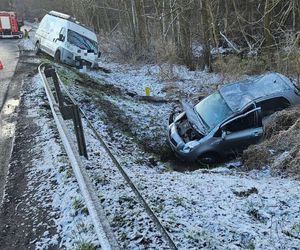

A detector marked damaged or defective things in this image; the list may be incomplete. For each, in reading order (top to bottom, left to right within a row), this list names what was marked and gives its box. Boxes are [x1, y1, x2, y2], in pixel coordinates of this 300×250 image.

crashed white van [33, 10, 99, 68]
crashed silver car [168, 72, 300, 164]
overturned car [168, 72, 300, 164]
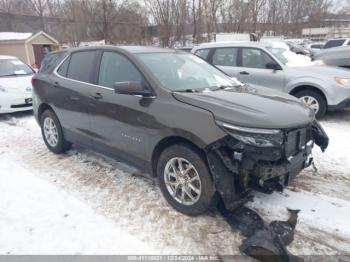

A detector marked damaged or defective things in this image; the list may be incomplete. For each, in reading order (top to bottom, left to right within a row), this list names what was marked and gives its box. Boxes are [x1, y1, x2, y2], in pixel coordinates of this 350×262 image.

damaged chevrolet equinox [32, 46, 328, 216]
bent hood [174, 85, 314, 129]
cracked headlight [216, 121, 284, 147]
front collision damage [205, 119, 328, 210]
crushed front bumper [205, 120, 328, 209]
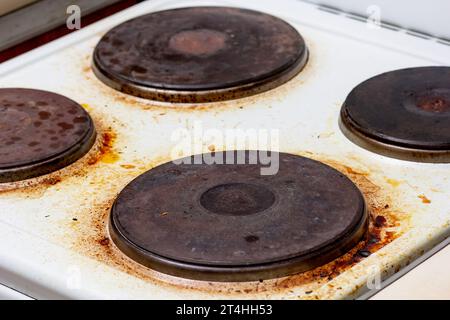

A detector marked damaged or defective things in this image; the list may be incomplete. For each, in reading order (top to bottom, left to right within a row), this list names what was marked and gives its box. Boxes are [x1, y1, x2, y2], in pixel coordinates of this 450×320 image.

---

## Task details
No image belongs in the copy. Transcribe the full listing verbatim.

## Answer space
A detector marked damaged or defective things in this image; the list may be incomplete. For each, in reading order (top to bottom, left to right within a row), this list names what was marked and gives its box. Boxes are [x1, y1, x2, y2], in pixel coordinates of this 300×250 image.

crashed white van [33, 10, 99, 68]
crashed silver car [168, 72, 300, 164]
overturned car [168, 72, 300, 164]

A detector marked damaged or defective things in this image; the list may be incomplete. For each, in reading order (top to bottom, left to right within a row), this list names what was marked and gives its box. Boxes are [x1, y1, x2, y2], in pixel coordinates of this 350×262 image.

damaged chevrolet equinox [32, 46, 328, 216]
bent hood [174, 85, 314, 129]
cracked headlight [216, 121, 284, 147]
front collision damage [205, 119, 328, 210]
crushed front bumper [205, 120, 328, 209]

A detector marked damaged or defective things in this image; the list may be incomplete. For each, in reading order (top to bottom, left to right within a row), this list names what was marked and gives its box. Boxes are [x1, y1, x2, y2], in pixel coordinates of this 450×320 image.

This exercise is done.